VMBench: Perception-Aligned Motion Benchmark & LD‑RPS Zero‑Shot Restoration

This article introduces VMBench, the first perception‑aligned video motion generation benchmark that defines a five‑dimensional metric suite and a meta‑guided prompt generation pipeline, and presents LD‑RPS, a zero‑shot unified image restoration framework based on latent diffusion recurrent posterior sampling, together with extensive experiments validating both systems.

Amap Tech
Amap Tech
Amap Tech
VMBench: Perception-Aligned Motion Benchmark & LD‑RPS Zero‑Shot Restoration

Conference Overview

ICCV (International Conference on Computer Vision) is a top‑tier international conference in computer vision, with a 24% acceptance rate; five papers from the Gaode technology team were accepted.

VMBench: Perception‑Aligned Video Motion Benchmark

VMBench is the first benchmark that aligns video motion quality evaluation with human perception. It builds a five‑dimensional Perception‑Aligned Motion Metrics (PMM) system—CAS, MSS, OIS, PAS, and TCS—covering six natural motion patterns and provides a large meta‑information‑guided prompt generation (MMPG) framework.

Research Background

Existing evaluation methods suffer from two main issues: (1) metrics are detached from human perception, failing to capture smoothness, physical plausibility, and object integrity; (2) prompt libraries are limited, restricting the assessment of diverse dynamic scenes.

Paper Highlights

Perception‑Aligned Metric Suite (PMM) : includes Common‑sense Alignment Score (CAS), Motion Smoothness Score (MSS), Object Integrity Score (OIS), Perceptible Amplitude Score (PAS), and Temporal Consistency Score (TCS).

Meta‑Guided Motion Prompt Generation (MMPG) : extracts subject, place, and action triples from multiple video datasets, optimizes prompts with large language models, and validates them through human‑LLM collaboration, yielding 1,050 high‑quality prompts.

Experimental Results

Human Perception Alignment : Spearman correlation analysis with 1,200 expert‑rated videos shows PMM outperforms rule‑based and multimodal large‑model baselines across all dimensions.

Ablation Studies : Removing any PMM component degrades overall accuracy, with CAS removal causing the largest drop, confirming its central role.

Qualitative Analysis : Evaluation of six state‑of‑the‑art video generation models reveals distinct strengths and weaknesses per metric, guiding future model improvements.

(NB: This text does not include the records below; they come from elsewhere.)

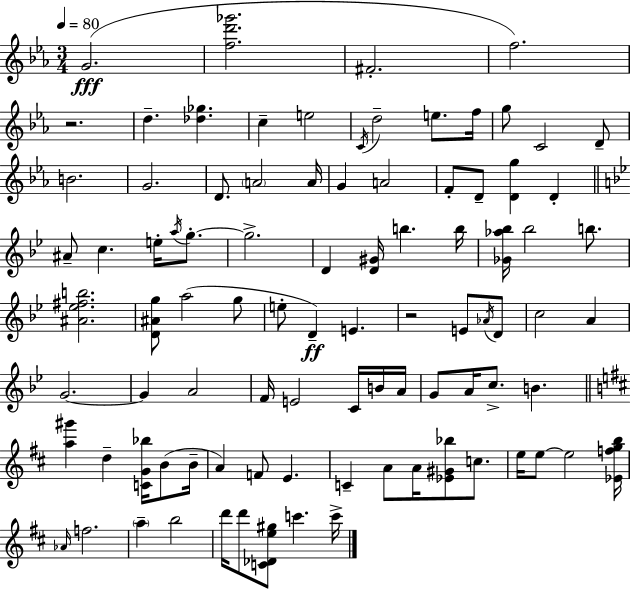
{
  \clef treble
  \numericTimeSignature
  \time 3/4
  \key c \minor
  \tempo 4 = 80
  g'2.(\fff | <f'' d''' ges'''>2. | fis'2.-. | f''2.) | \break r2. | d''4.-- <des'' ges''>4. | c''4-- e''2 | \acciaccatura { c'16 } d''2-- e''8. | \break f''16 g''8 c'2 d'8-- | b'2. | g'2. | d'8. \parenthesize a'2 | \break a'16 g'4 a'2 | f'8-. d'8-- <d' g''>4 d'4-. | \bar "||" \break \key bes \major ais'8-- c''4. e''16-. \acciaccatura { a''16 } g''8.-.~~ | g''2.-> | d'4 <d' gis'>16 b''4. | b''16 <ges' aes'' bes''>16 bes''2 b''8. | \break <ais' ees'' fis'' b''>2. | <d' ais' g''>8 a''2( g''8 | e''8-. d'4--\ff) e'4. | r2 e'8 \acciaccatura { aes'16 } | \break d'8 c''2 a'4 | g'2.~~ | g'4 a'2 | f'16 e'2 c'16 | \break b'16 a'16 g'8 a'16 c''8.-> b'4. | \bar "||" \break \key b \minor <a'' gis'''>4 d''4-- <c' g' bes''>16 b'8( b'16-- | a'4) f'8 e'4. | c'4-- a'8 a'16 <ees' gis' bes''>8 c''8. | e''16 e''8~~ e''2 <ees' f'' g'' b''>16 | \break \grace { aes'16 } f''2. | \parenthesize a''4-- b''2 | d'''16 d'''8 <c' des' e'' gis''>8 c'''4. | c'''16-> \bar "|."
}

LD‑RPS: Zero‑Shot Unified Image Restoration

LD‑RPS introduces a latent diffusion recurrent posterior sampling framework that restores images without any training data. It leverages multimodal large language models to generate semantic prompts from degraded inputs and employs a Feature‑Pixel Alignment Module (F‑PAM) to align intermediate diffusion states with the degraded image, enabling unsupervised, zero‑sample restoration.

Key Contributions

Zero‑shot multimodal image restoration using only the degraded image as condition.

Unsupervised Feature‑Pixel Alignment Module (F‑PAM) to bridge latent‑space and pixel‑space gaps.

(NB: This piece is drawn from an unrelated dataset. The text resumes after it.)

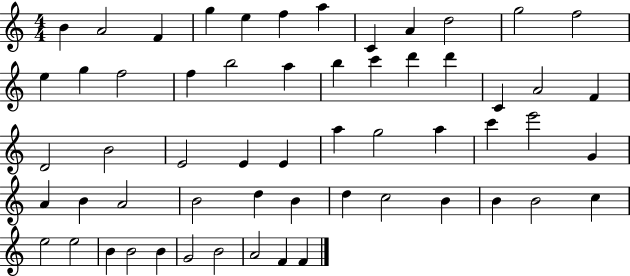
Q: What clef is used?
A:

Recurrent posterior sampling strategy for progressive quality improvement.

Experimental Evaluation

Low‑Light Enhancement : LD‑RPS achieves the best results among posterior‑sampling methods and matches top single‑task approaches on LO Lv1/Lv2 datasets.

Image Dehazing : On the RESIDE HSTS subset, LD‑RPS surpasses all zero‑shot methods in PSNR.

Image Denoising : LD‑RPS consistently outperforms baselines across all metrics.

Image Colorization : LD‑RPS produces vivid, high‑contrast colorized images, whereas baseline methods retain gray tones.

Conclusion and Outlook

VMBench provides a standardized, perception‑aligned evaluation framework for video motion generation, while LD‑RPS demonstrates a powerful zero‑shot approach for unified image restoration. Both contributions advance the field toward more human‑aligned generation and versatile, data‑free restoration techniques.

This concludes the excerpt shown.